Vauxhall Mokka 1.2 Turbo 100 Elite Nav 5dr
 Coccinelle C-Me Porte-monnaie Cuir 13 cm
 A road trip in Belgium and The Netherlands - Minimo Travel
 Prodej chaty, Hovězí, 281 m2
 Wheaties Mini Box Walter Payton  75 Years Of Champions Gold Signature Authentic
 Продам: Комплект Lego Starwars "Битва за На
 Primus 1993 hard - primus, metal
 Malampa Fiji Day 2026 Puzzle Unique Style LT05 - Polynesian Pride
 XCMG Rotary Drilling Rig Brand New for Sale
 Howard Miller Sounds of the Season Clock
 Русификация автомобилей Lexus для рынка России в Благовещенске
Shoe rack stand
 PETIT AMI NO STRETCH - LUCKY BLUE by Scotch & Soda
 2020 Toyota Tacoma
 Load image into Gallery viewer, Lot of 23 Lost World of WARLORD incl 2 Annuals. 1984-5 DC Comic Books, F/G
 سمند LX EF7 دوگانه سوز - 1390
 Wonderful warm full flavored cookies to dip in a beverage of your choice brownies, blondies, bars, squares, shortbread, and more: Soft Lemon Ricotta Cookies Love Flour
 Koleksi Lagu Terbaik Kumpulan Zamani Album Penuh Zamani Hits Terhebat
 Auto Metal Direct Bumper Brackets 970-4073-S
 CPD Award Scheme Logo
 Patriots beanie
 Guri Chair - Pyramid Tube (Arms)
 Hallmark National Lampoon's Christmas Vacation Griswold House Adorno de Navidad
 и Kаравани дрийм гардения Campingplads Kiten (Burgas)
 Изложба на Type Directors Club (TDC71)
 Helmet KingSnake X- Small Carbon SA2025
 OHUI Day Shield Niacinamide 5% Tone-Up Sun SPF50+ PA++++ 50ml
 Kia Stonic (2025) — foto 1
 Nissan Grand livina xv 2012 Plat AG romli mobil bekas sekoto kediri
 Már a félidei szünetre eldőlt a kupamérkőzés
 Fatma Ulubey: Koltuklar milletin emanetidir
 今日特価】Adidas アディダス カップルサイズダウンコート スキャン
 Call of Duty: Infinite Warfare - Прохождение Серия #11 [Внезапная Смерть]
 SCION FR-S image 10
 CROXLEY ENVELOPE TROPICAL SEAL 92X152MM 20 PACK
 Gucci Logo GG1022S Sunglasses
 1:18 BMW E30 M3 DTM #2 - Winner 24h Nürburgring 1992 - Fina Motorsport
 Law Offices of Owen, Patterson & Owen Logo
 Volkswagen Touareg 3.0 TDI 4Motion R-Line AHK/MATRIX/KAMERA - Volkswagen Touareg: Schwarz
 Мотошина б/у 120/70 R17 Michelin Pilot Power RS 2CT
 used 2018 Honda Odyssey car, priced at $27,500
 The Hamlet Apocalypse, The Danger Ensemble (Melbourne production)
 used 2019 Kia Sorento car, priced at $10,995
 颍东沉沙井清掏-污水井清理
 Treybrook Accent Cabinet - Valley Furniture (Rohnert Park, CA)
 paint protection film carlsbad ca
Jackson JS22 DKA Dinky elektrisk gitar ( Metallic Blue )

## EXERCISE PROMPT:
Whenever a line above includes the string "priced", copy it.

## SOLUTION FOR THIS EXERCISE:
 used 2018 Honda Odyssey car, priced at $27,500
 used 2019 Kia Sorento car, priced at $10,995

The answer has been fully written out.